# [WORK REQUIRED]
Search the records for the string "Gold". Copy each line where it occurs.

# [DATA PROVIDED]
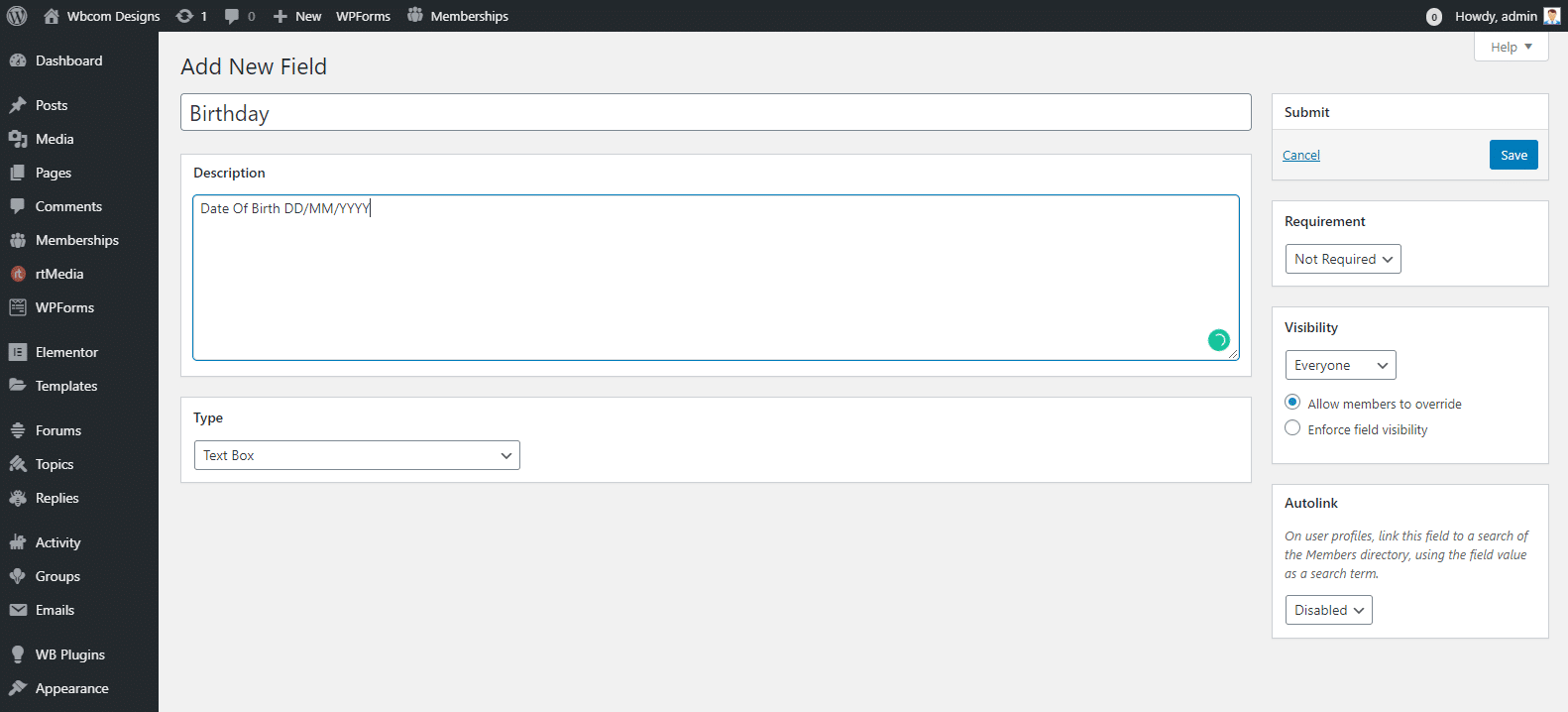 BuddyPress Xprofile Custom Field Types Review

---

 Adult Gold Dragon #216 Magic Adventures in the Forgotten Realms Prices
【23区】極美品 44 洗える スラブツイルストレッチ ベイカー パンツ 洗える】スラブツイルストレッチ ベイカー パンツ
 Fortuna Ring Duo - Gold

# [ANSWER SPACE]
 Adult Gold Dragon #216 Magic Adventures in the Forgotten Realms Prices
 Fortuna Ring Duo - Gold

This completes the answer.